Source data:
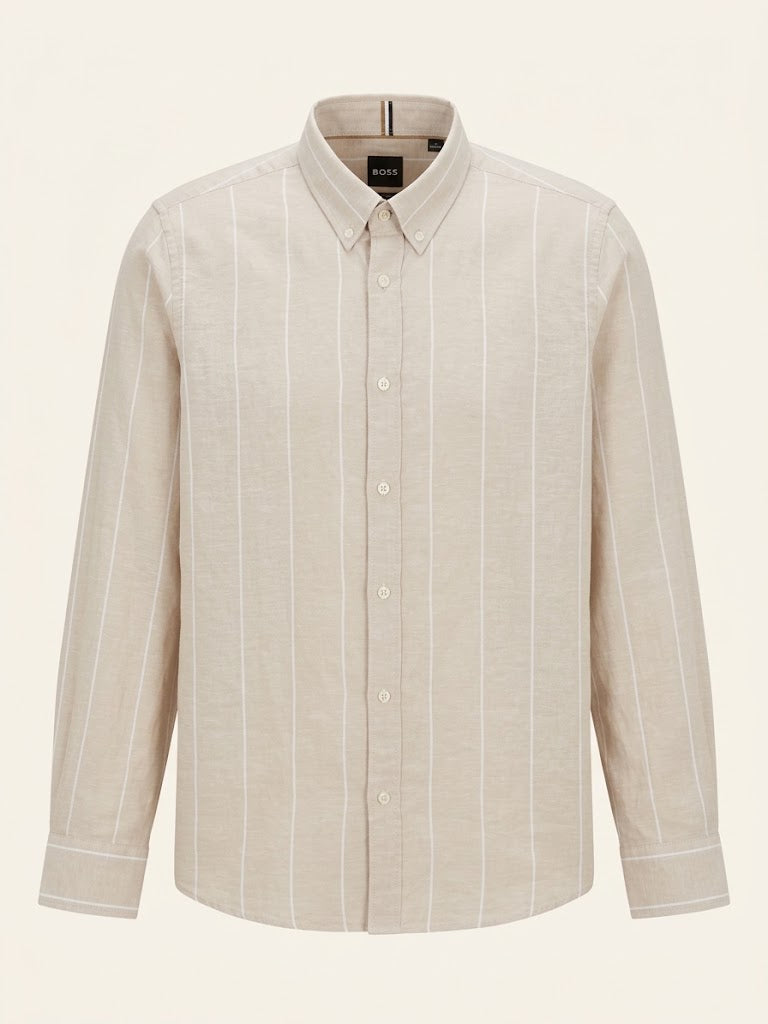 Twenty Store Men's Striped Long-Sleeve Button-Down Shirt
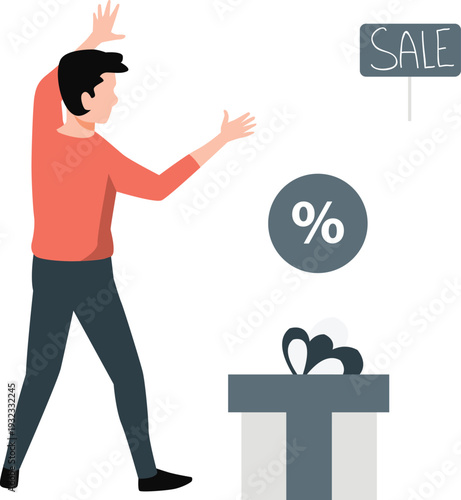 The boy is happy to see discount sale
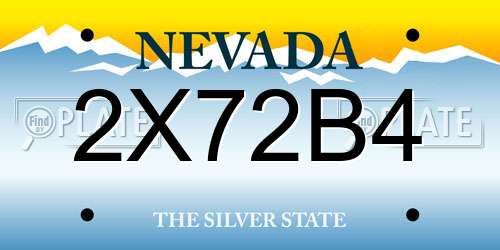2X72B4 Nevada License Plate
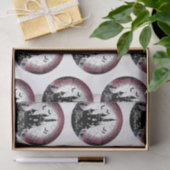 Spuk Haus Vollmond Fledermäuse Happy Halloween Seidenpapier (Geschenk)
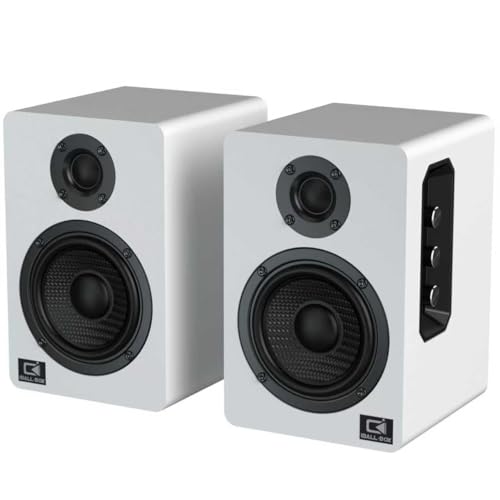 IBALL·BOX Harmony H2 - Altavoces de escritorio de alta fidelidad de 60 W, woofer de fibra de carbono y tweeter de cúpula de seda, Bluetooth/USB-C/óptico/AUX (par) (blanco)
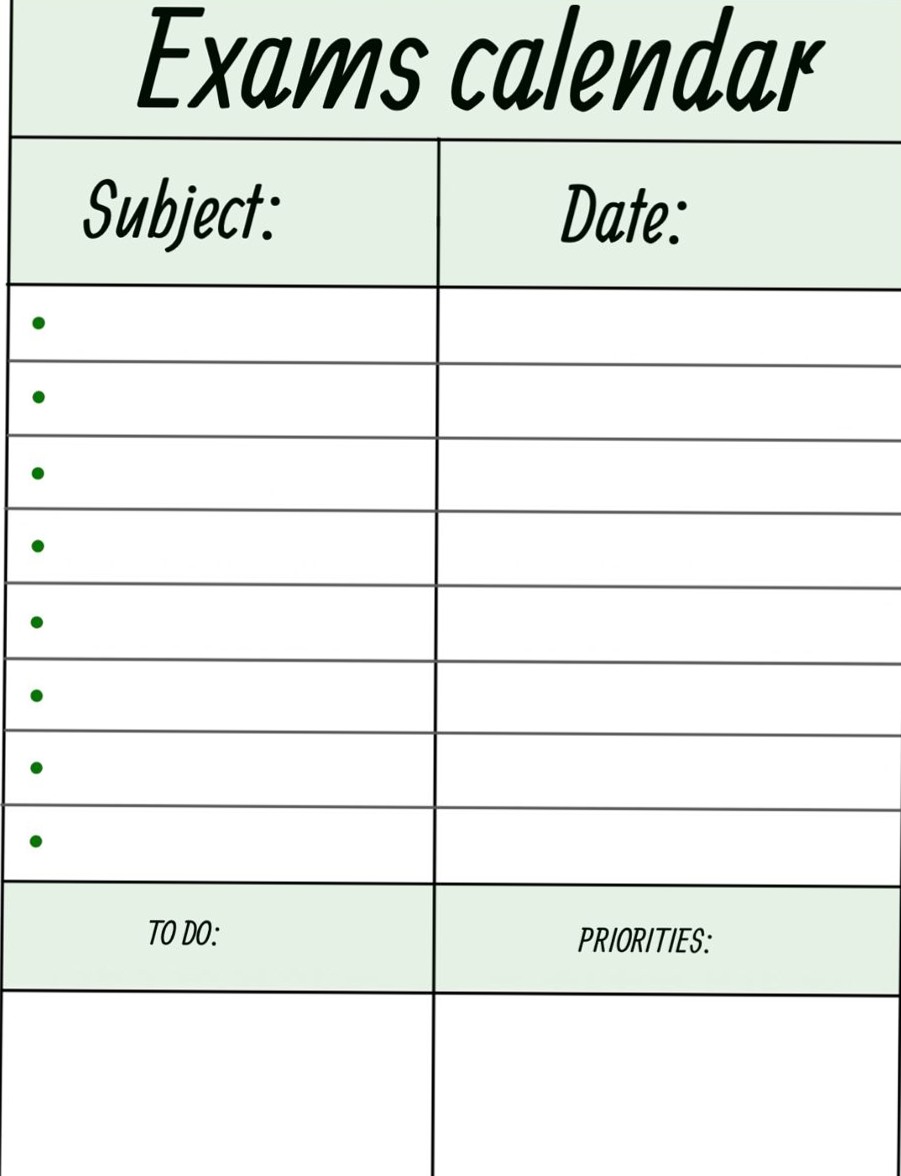 Exams Calendar Green Digital Planner Design — 🌸 💍 dream life manifestation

Exercise goal :: Every record should be duplicated exactly, though any picture in it must be left out.

Response to this task ::
 Twenty Store Men's Striped Long-Sleeve Button-Down Shirt
 The boy is happy to see discount sale
2X72B4 Nevada License Plate
 Spuk Haus Vollmond Fledermäuse Happy Halloween Seidenpapier (Geschenk)
 IBALL·BOX Harmony H2 - Altavoces de escritorio de alta fidelidad de 60 W, woofer de fibra de carbono y tweeter de cúpula de seda, Bluetooth/USB-C/óptico/AUX (par) (blanco)
 Exams Calendar Green Digital Planner Design — 🌸 💍 dream life manifestation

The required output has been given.